* **MATERIAL PROVIDED**:
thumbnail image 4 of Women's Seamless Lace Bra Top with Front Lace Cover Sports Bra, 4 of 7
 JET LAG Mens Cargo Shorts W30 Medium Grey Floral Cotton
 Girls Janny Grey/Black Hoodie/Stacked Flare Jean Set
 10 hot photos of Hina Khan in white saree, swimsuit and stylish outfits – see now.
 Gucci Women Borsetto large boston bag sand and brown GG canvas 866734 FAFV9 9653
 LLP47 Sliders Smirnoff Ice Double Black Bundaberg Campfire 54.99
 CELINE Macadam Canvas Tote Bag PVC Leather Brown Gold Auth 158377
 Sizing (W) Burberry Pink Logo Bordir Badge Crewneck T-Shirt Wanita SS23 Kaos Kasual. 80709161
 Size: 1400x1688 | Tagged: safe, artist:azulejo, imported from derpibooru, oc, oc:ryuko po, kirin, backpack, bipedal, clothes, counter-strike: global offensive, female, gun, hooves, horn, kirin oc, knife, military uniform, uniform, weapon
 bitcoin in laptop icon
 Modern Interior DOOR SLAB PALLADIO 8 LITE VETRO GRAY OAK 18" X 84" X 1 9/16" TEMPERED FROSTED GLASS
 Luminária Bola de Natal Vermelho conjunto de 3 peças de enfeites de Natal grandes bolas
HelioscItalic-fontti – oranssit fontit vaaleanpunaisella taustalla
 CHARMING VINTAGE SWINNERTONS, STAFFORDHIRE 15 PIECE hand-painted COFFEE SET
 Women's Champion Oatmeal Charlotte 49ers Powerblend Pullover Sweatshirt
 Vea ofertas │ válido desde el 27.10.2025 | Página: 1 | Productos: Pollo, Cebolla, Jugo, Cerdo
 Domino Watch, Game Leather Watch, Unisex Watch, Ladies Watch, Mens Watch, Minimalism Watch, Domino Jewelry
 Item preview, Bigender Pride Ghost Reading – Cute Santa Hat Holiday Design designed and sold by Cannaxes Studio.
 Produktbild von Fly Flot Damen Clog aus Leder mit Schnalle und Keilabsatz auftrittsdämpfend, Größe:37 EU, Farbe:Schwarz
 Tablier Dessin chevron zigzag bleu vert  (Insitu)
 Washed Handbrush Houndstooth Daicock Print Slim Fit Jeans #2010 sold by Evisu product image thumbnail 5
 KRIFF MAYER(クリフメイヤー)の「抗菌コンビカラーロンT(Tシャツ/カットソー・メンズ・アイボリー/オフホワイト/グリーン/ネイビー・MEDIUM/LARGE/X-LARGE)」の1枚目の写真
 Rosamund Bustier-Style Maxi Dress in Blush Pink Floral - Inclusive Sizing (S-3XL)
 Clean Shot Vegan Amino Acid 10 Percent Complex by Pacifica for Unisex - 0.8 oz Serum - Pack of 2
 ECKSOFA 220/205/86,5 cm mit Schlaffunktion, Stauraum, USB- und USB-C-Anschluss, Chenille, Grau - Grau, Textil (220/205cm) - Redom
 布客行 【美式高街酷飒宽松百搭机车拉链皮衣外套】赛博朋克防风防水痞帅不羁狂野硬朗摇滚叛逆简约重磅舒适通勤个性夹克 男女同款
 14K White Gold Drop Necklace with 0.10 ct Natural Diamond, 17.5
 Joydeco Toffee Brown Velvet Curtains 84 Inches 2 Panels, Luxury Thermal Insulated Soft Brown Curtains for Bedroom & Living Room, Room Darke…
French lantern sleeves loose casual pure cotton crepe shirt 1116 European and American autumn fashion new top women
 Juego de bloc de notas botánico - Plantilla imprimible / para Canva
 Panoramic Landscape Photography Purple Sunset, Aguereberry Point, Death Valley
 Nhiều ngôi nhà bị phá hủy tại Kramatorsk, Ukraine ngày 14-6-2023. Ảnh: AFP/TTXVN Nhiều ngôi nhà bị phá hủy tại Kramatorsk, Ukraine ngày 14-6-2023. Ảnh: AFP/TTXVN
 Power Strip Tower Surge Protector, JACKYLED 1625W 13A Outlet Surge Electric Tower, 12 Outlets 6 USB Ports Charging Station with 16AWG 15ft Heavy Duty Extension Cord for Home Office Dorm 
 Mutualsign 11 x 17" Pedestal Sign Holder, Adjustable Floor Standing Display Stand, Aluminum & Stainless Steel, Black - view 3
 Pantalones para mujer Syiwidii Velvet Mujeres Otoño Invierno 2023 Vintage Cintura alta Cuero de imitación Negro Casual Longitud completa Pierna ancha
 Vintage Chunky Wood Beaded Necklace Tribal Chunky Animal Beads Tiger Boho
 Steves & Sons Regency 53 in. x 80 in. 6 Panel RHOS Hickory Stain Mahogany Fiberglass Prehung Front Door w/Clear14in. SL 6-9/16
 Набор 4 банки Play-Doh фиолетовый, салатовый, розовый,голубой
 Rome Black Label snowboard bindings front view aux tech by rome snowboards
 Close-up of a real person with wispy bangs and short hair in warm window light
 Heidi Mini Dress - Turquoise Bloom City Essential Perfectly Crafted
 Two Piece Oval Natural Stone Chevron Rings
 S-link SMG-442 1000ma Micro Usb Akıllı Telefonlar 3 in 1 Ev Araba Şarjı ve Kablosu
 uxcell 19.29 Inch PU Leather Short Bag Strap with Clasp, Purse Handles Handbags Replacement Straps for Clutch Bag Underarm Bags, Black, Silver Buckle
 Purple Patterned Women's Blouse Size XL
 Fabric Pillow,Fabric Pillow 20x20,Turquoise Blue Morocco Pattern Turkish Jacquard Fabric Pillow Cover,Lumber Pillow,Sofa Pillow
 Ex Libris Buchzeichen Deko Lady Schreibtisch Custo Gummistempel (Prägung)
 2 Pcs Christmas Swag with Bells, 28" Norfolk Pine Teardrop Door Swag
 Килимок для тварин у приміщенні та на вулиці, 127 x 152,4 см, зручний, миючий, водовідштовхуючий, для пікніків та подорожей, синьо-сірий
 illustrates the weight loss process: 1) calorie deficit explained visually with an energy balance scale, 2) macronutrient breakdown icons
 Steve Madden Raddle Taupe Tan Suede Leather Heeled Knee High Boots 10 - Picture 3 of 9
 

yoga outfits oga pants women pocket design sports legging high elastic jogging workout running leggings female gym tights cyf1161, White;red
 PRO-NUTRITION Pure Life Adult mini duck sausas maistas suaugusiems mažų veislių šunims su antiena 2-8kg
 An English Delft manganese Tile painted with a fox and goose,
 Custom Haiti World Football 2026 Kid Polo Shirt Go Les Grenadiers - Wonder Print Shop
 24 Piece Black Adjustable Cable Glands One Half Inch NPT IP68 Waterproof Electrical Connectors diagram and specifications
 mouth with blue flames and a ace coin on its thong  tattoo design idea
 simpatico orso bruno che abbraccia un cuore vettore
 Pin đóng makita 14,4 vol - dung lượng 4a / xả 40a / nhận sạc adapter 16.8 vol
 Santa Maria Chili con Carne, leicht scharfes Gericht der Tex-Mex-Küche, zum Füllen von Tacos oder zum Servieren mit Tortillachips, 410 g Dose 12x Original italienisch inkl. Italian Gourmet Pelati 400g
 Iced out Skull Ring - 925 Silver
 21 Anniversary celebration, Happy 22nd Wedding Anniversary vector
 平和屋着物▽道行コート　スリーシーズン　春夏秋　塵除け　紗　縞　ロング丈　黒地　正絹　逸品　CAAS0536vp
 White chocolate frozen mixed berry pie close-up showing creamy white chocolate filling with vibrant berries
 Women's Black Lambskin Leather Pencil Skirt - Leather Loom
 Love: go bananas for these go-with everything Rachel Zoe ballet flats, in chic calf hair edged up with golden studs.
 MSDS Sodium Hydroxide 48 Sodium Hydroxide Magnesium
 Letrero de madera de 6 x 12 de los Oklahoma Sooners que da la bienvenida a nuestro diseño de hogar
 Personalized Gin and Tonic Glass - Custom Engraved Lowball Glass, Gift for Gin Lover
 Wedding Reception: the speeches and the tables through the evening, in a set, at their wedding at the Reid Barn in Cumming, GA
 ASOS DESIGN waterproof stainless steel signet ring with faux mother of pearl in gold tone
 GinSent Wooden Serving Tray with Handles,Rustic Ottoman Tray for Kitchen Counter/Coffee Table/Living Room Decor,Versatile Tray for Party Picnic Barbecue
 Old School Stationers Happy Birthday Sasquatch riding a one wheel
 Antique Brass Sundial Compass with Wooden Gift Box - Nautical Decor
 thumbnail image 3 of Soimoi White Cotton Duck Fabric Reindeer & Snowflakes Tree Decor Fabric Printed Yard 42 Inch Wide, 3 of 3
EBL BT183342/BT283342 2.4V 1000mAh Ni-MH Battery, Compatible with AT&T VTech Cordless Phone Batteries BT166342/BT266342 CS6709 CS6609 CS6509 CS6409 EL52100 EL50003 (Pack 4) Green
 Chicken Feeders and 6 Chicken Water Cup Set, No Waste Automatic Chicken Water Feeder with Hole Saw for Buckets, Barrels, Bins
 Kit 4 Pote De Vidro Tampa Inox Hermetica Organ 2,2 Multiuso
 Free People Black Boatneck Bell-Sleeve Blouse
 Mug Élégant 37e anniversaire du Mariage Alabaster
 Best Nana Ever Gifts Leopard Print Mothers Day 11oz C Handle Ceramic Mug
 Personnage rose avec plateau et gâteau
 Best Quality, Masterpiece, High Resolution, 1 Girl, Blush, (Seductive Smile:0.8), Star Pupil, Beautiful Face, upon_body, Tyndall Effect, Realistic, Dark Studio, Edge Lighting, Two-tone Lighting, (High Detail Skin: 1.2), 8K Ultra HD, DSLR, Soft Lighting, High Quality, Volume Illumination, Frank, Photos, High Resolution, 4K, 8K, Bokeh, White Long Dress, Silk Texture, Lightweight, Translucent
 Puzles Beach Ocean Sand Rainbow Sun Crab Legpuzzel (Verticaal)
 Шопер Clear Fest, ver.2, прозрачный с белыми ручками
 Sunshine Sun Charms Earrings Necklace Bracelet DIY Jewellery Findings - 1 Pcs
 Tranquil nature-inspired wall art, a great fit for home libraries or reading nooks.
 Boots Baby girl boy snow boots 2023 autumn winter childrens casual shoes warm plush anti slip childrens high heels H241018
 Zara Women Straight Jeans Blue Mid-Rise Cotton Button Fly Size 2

* **EXERCISE REQUIREMENTS**: Filter the data above, keeping only lines that include the string "Happy".

* **SOLUTION FOR THIS TASK**:
 21 Anniversary celebration, Happy 22nd Wedding Anniversary vector
 Old School Stationers Happy Birthday Sasquatch riding a one wheel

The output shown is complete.